El Instituto Tecnológico de Massachusetts recomendó a sus profesores no depender de los detectores de texto de IA, y Stanford y Harvard siguen el mismo camino. La evidencia muestra que estas herramientas fallan y sus errores recaen sobre los más vulnerables.
En el trasfondo subyace una hipocresía académica insólita: usar una herramienta de IA para perseguir el uso de herramientas de IA. Mientras tando, los humanos, expuestos a diario a la prosa de las máquinas, empezamos a escribir como ellas.
Cuando el algoritmo acusó a Cervantes
Por: Gabriel E. Levy B.
Desde la llegada de ChatGPT, como primer lenguaje generativo masivo de IA en noviembre de 2022, prácticamente todas las universidades en el planeta y redacciones de los medios de comunicación tradicionales, decidieron de forma apresurada y sin mayores evidencias sólidas o trabajo experimental de campo, implementar software y algoritmos que prometían y lo peor, siguen prometiendo, distinguir entre la prosa humana y los textos creados por los sistemas algorítmicos de Inteligencia Artificial de tecnología LLM o de grandes lenguajes generativos como es Chat GPT, Claude, Growk, Deepsearch o Gemini.
Generalmente, aunque no siempre funcionan así, estos programas arrojan un porcentaje de uso de la IA en un texto, y ese número, para muchísimos profesores alrededor del mundo, es el que define la sospecha en favor o en contra del estudiante, existiendo decenas de casos documentados de alumnos que fueron sancionados y expulsados por usarla y posteriormente demostraron en tribunales o en apelaciones, la imprecisión de estos sistemas, incluso muchos de ellos lograron probar que fueron ellos mismos los que escribieron el texto.
Posiblemente el caso más sonado en medios, de los múltiples errores que cometen estos sistemas, ocurrió en diciembre de 2024, el escritor de origen español: Pedro Torrijos: “Sometió el primer párrafo de El Quijote por un detector y obtuvo un veredicto insólito: 86% de probabilidad de ser obra de una inteligencia artificial”, es decir que según este tipo de programas de detección como Pangram o Copyleads, Cervantes habría usado hace más de 420 años atrás a Chat GPT o Gemini para escribir su obra.
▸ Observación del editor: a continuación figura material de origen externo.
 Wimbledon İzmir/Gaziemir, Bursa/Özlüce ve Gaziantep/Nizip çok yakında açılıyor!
En sí mismo lo paradójico y a la vez ridículo del asunto, no es el hecho en sí mismo, sino que los profesores usen esa herramienta para decidir si un estudiante usó la IA en el aula de clases.
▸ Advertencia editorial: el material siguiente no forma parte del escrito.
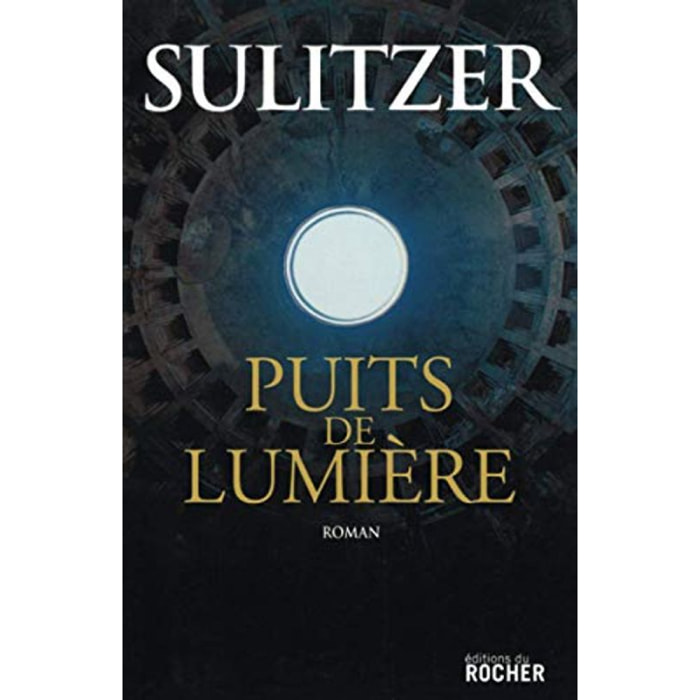 Sulitzer, Paul-Loup | Puits de lumière | Livre d'occasion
Pero este no es el único caso, pocos meses después, el divulgador Fernando Bujedo repitió el ejercicio con la herramienta JustDone y consiguió un 78% para Cervantes y un 89% para su propia tesis de máster, redactada en 2017, cuando la IA generativa no existía.
Pero sin duda el hecho más significativo es que todos los sistemas de detección como Pangram, Copyleads, ZeroGPT o JustDone y las mismas plataformas como Chat GPT o Claude, advierten en sus condiciones de uso que no garantizan sus resultados y que existe una alta probabilidad de error o fallo en sus detecciones y que no deben ser usados como criterio objetivo para determinar el uso de la IA, es decir que se definen a si mismas como herramientas de apoyo, más no de juicio.
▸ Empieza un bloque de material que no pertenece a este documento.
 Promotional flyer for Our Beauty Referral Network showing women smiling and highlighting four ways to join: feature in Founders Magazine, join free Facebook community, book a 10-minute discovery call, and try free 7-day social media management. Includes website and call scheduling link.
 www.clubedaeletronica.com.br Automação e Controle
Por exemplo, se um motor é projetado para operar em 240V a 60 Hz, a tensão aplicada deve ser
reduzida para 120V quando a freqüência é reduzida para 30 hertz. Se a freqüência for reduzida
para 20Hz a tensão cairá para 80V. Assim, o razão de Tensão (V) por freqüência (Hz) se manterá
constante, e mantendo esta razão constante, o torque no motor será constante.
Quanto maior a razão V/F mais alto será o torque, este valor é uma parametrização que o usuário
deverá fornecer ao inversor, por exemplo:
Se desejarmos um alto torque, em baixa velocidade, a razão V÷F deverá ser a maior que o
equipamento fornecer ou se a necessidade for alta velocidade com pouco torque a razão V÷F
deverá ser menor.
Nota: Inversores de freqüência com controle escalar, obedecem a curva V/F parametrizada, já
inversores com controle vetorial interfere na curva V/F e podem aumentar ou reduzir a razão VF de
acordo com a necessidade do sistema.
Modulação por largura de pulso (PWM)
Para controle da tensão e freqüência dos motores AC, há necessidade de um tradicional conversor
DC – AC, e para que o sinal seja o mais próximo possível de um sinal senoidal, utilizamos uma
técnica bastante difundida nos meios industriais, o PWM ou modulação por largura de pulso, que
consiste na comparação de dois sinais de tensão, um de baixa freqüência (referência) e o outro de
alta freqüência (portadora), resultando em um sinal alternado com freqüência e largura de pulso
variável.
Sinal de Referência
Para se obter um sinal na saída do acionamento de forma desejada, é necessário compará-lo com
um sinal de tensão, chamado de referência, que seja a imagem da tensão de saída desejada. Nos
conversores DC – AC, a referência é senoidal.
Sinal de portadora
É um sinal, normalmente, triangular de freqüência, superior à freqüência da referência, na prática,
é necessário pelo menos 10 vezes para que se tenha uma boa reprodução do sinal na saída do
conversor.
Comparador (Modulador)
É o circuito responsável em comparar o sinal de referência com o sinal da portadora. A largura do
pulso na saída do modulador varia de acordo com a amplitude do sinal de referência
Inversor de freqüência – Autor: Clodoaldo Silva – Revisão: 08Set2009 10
Lo anterior nos arroja a una pregunta inevitable:
¿Puede una herramienta capaz de confundir a Cervantes con un chatbot decidir la suerte académica de un estudiante?
Dos advertencias desde Cambridge
En agosto de 2023, la unidad de tecnología educativa de MIT Sloan publicó una guía cuyo título no deja lugar a dudas: “los detectores de IA no funcionan y conviene hacer otra cosa”.
La académica especializada en algoritmos de lenguajes LLM, Anna Wright, documentó de forma extensa y con alto rigor académico, las altas tasas de error de estos programas, con evidencia clara y propuso un camino distinto con políticas concertadas en cada curso, diálogo con los estudiantes, tareas rediseñadas y relatos del proceso de escritura de cada trabajo.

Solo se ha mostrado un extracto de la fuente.